History

United States
- Name: Carolita
- Namesake: Original name retained
- Builder: Germaniawerft, Kiel
- Launched: 1923
- Acquired: by purchase, 1 April 1942
- Commissioned: 6 November 1942
- Decommissioned: 28 February 1944
- Fate: Used as a target ship

General characteristics
- Type: Patrol boat
- Displacement: 236 long tons (240 t)
- Length: 133 ft 5 in (40.67 m)
- Beam: 23 ft (7.0 m)
- Draft: 10 ft (3.0 m)
- Speed: 14 knots (26 km/h; 16 mph)
- Armament: 1 × 3 in (76 mm) gun

= USS Carolita =

Patrol vessel of the United States Navy

USS Carolita (PYC-38) was a patrol boat in the United States Navy.
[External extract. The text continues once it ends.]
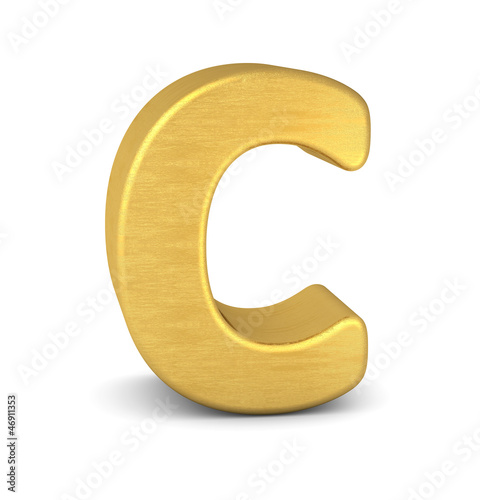 Illustration: buchstabe letter C gold vertikal buchstabe letter C gold vertikal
Carolita was built in 1923 as Ripple by Germaniawerft, Kiel, Germany; purchased by the Navy on 1 April 1942 from Herman G. Buckley, of Chicago, Illinois; and commissioned on 6 November 1942.
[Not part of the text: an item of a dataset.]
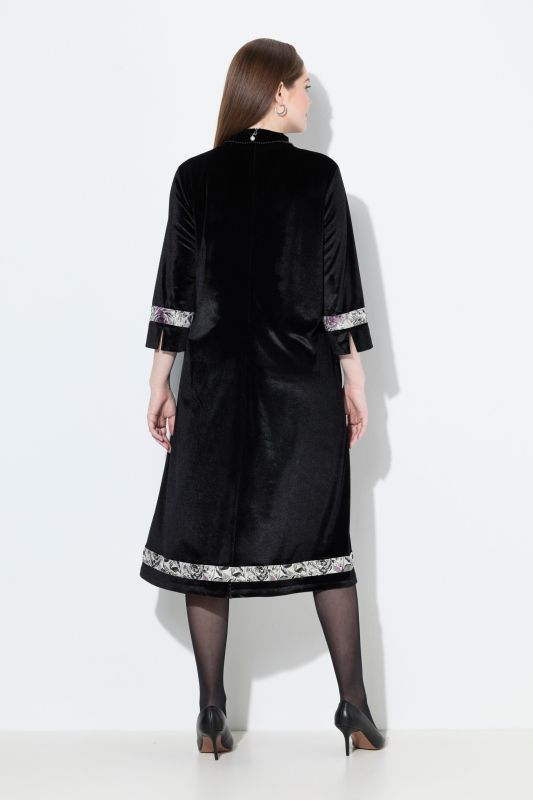 Velvet Floral Trim Necklace Dress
== World War II operations ==
Arriving at Boston, Massachusetts, on 16 December 1942, Carolita, operated there until 3 August 1943 when she departed for Key West, Florida, via Norfolk, Virginia, and repairs at Miami, Florida.

== Sound School assignment ==
She served with the Sound School from 8 September 1943, helping to train men in the techniques of anti-submarine warfare.

== Decommissioning ==
Carolita was decommissioned on 28 February 1944 and used as a target.